Looking through your comments, I think that you are very interested in this question: why can we accumulate enough evidence to reject the null, but not the alternative, i.e. what makes hypothesis testing a ones-sided street?
The very important thing to think about is what values constitutes the null hypothesis? In your example, it is only a single value, $i.e.$, $p = 0$. The alternative, conversely, is $p > 0$.
We accept either hypothesis if all "reasonable values" (i.e. values inside our confidence interval) fall completely into the range given by that hypothesis. So if all our reasonable values are greater than 0, we would accept the alternative. On the other hand, the null hypothesis is only a single point, 0! So to accept the null, we would have to be have confidence interval of length 0. Since (generally speaking) the length confidence interval approaches 0 as $n \rightarrow \infty$, but doesn't achieve length 0 for finite $n$, we would need to collect an infinite amount of data to conclude that we have no margin of error in our estimate.
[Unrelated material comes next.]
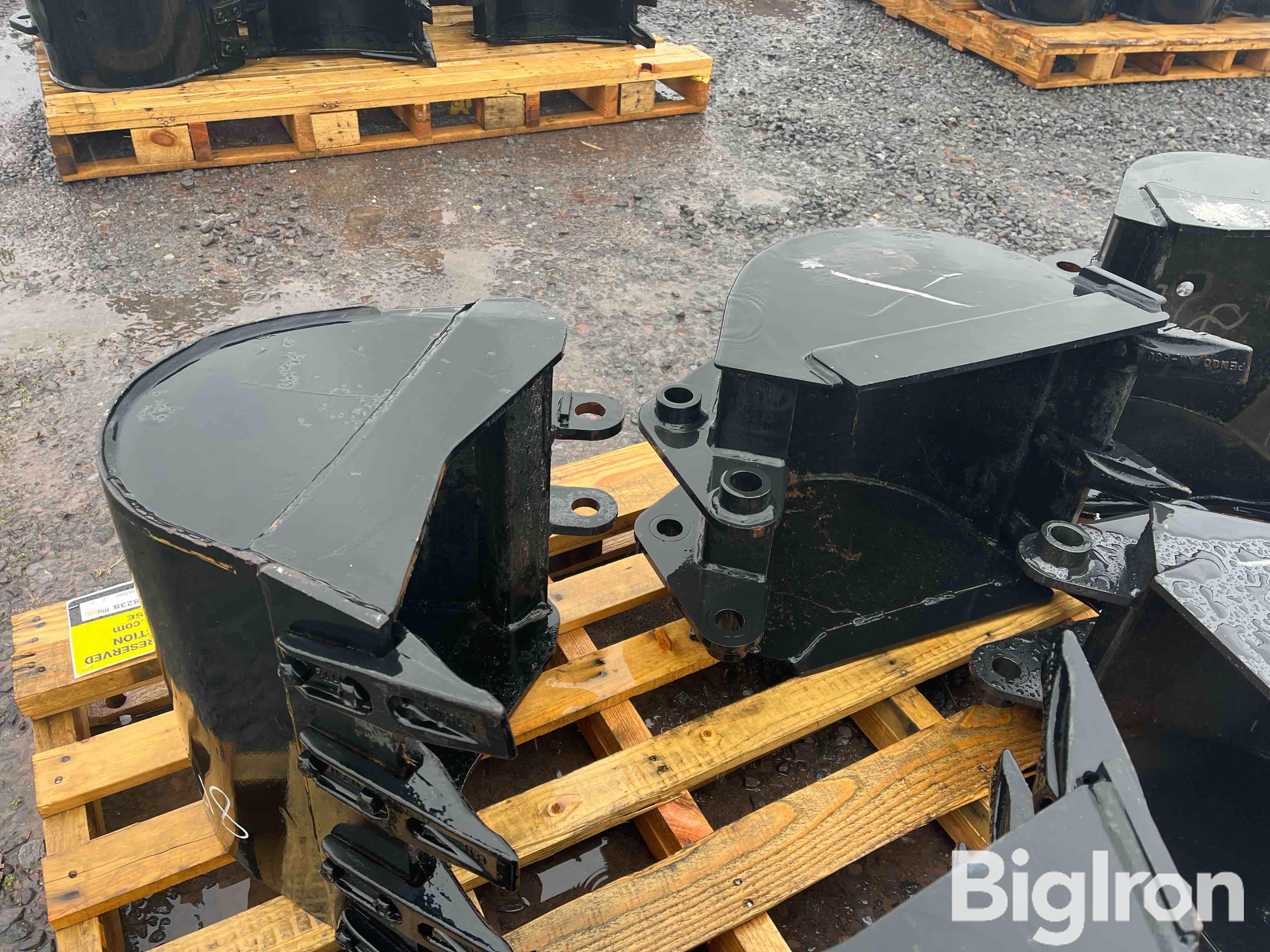 Mahindra 81718 Backhoe Buckets BigIron Auctions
But note that if we define the null hypothesis to be more than just a single point, i.e. a one sided hypothesis test such as
$H_o: p \leq 0.5$
$H_a: p > 0.5$
we actually can accept the null hypothesis. Suppose our confidence interval were to be (0.35, 0.45). All these values less than or equal to 0.5, which is in the region of the null hypothesis. So in that case, we could accept the null.
Small, technical, abuse of statistics note: if one is really willing to abuse asymptotic theory, one actually could (but shouldn't...) accept the null in your example: the asymptotic standard error is $\sqrt{(\hat p (1 - \hat p) /n)} = 0$. So your asymptotic confidence interval will be (0,0), all of which belongs to the null hypothesis. But this just abusing asymptotic results; note that you get the same conclusion even if $n$ = 1.